*Problem:* The response must contain every line from the records below that has "Black".

*Input data:*

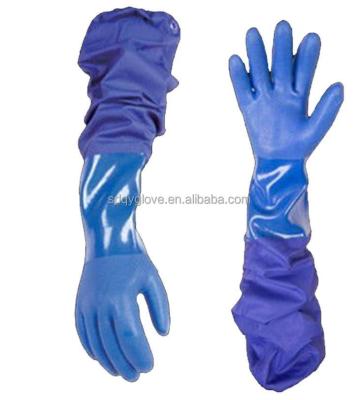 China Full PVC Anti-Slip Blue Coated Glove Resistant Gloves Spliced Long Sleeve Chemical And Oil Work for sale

---

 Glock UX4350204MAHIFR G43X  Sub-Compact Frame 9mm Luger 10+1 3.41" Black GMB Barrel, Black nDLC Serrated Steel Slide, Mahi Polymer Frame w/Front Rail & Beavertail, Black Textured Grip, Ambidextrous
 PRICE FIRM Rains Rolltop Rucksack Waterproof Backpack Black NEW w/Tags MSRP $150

* * *

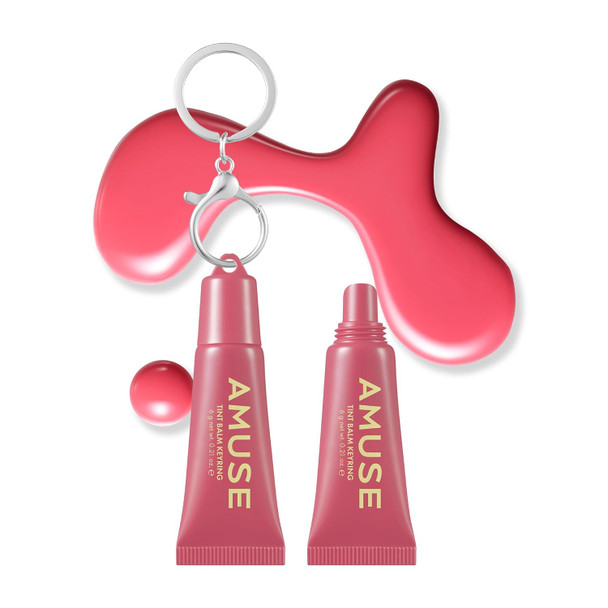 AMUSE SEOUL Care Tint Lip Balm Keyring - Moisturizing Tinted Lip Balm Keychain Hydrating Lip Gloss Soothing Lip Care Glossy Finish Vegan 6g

*Answer for the task:*
 Glock UX4350204MAHIFR G43X  Sub-Compact Frame 9mm Luger 10+1 3.41" Black GMB Barrel, Black nDLC Serrated Steel Slide, Mahi Polymer Frame w/Front Rail & Beavertail, Black Textured Grip, Ambidextrous
 PRICE FIRM Rains Rolltop Rucksack Waterproof Backpack Black NEW w/Tags MSRP $150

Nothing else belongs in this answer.